Liger-Kernel icon indicating copy to clipboard operation
Liger-Kernel copied to clipboard

inference qwen2 model ,The reasoning is garbled and ValueError: Pointer argument (at 0) cannot be accessed from Triton (cpu tensor?)

Open TulipDu opened this issue 1 year ago • 1 comments
trafficstars

🐛 Describe the bug

when I load model with AutoLigerKernelForCausalLM ,I get ValueError: Pointer argument (at 0) cannot be accessed from Triton (cpu tensor?)

image

when load mdoel Apply Model-Specific Patching APIs ,,The reasoning is garbled
image

Reproduce

import os 
os.environ['CUDA_VISIBLE_DEVICES']='0,1'
import torch
from transformers import AutoTokenizer,AutoModelForCausalLM
from liger_kernel.transformers import AutoLigerKernelForCausalLM

model_path="Qwen/Qwen2-7B-Instruct"
tokenizer=AutoTokenizer.from_pretrained(model_path)
model=AutoModelForCausalLM.from_pretrained(model_path,trust_remote_code=True,device_map='cuda:0')

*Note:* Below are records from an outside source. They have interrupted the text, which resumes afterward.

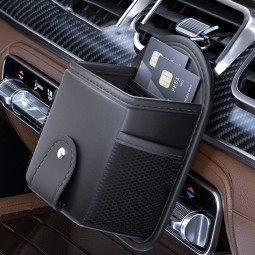 Car Storage Bag Factory - Durable PU Leather Glass Holder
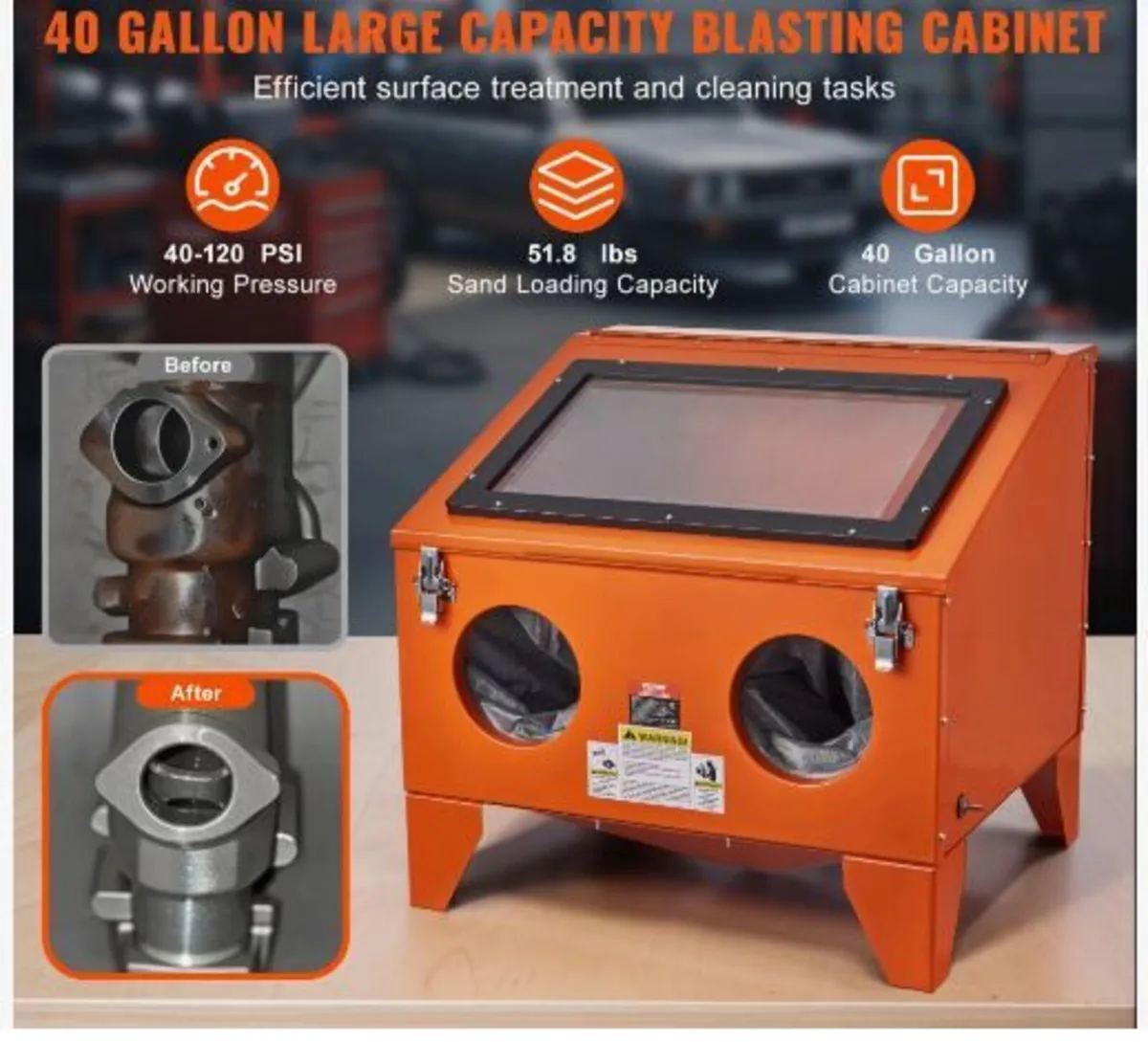 151.4 L Sandblasting Cabinet Benchtop Cabinet - Image 1
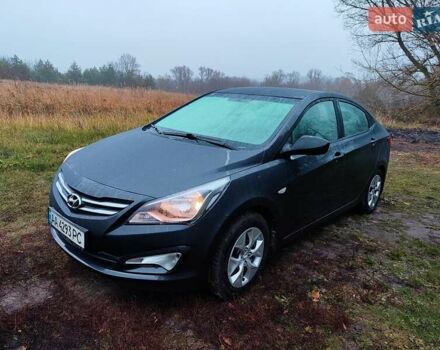 Сірий Хендай Акцент, об'ємом двигуна 1.4 л та пробігом 121 тис. км за 7500 $, фото 1 на Automoto.ua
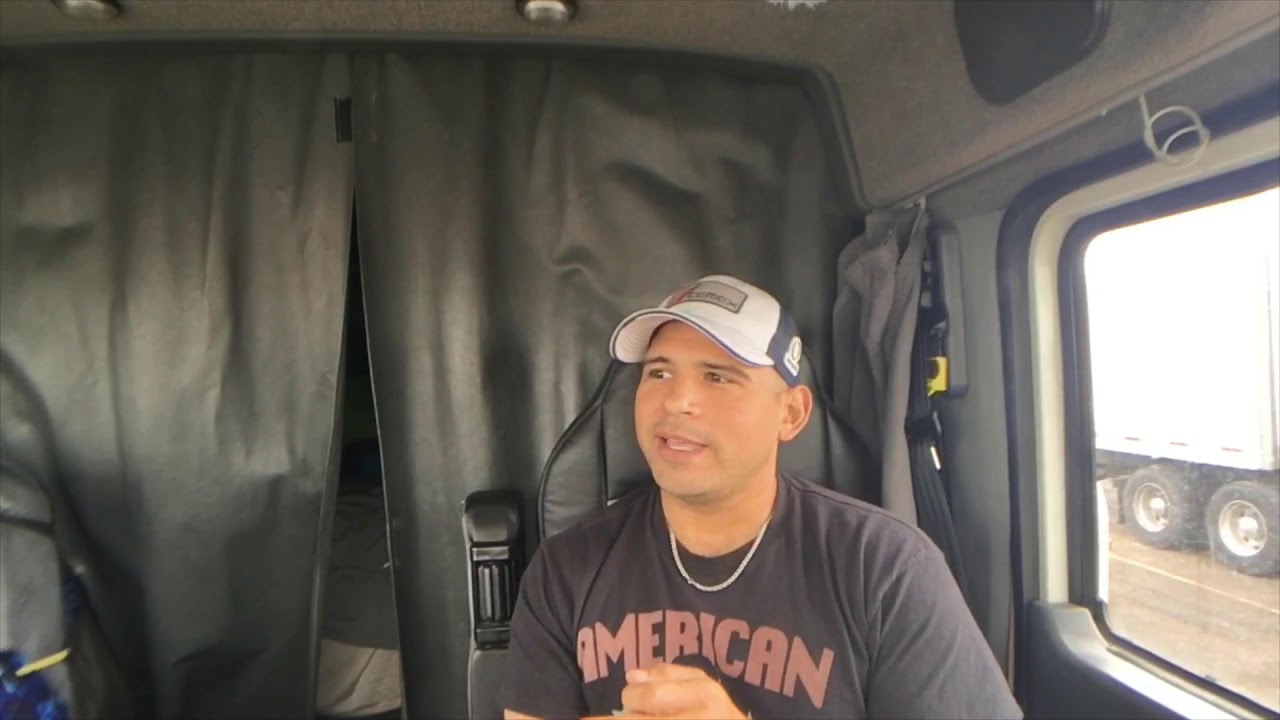 Hauling Frac Sand sandboxes in West Texas Trucking VLOG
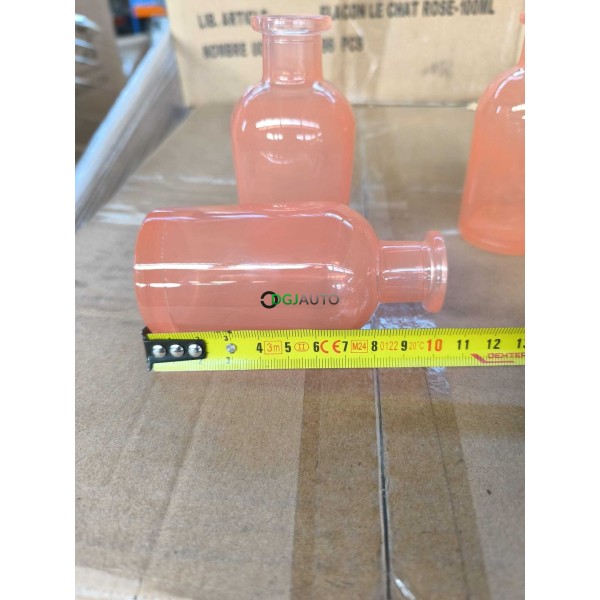 (Envoi nous consulter) 1 Palette de 2100 flacons en verre rose 100ml Maison Denis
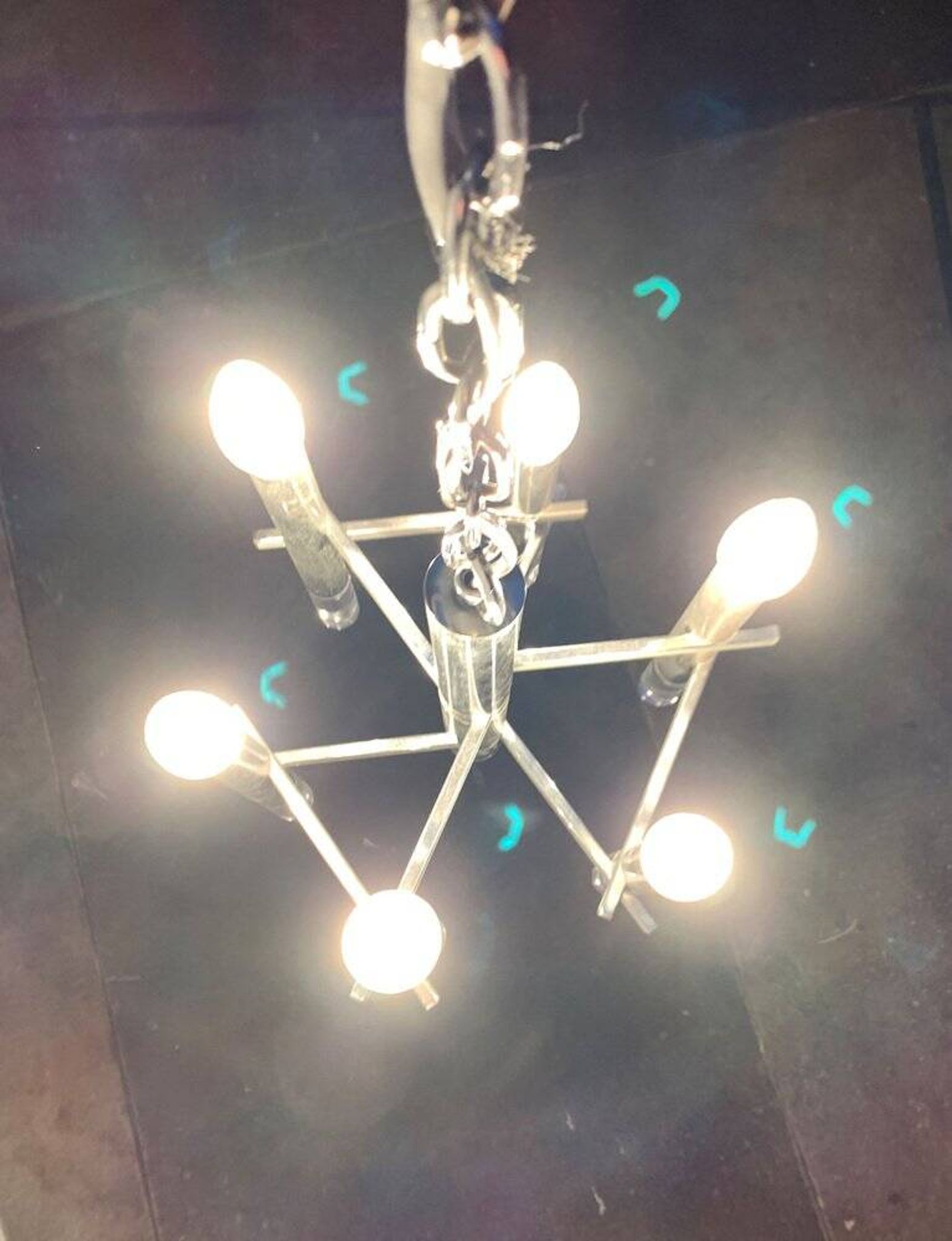 Italian chrome and acrylic chandelier from the space age mid-century by Gaetano Sciolari, 1960s.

from liger_kernel.transformers import apply_liger_kernel_to_qwen2
apply_liger_kernel_to_qwen2()
apply_liger_kernel_to_qwen2(
    rope=True,
    swiglu=True,
    cross_entropy=True,
    fused_linear_cross_entropy=False,
    rms_norm=False,
    model=model,
)

Liger_model=AutoLigerKernelForCausalLM.from_pretrained(model_path,trust_remote_code=True,device_map='cuda:1')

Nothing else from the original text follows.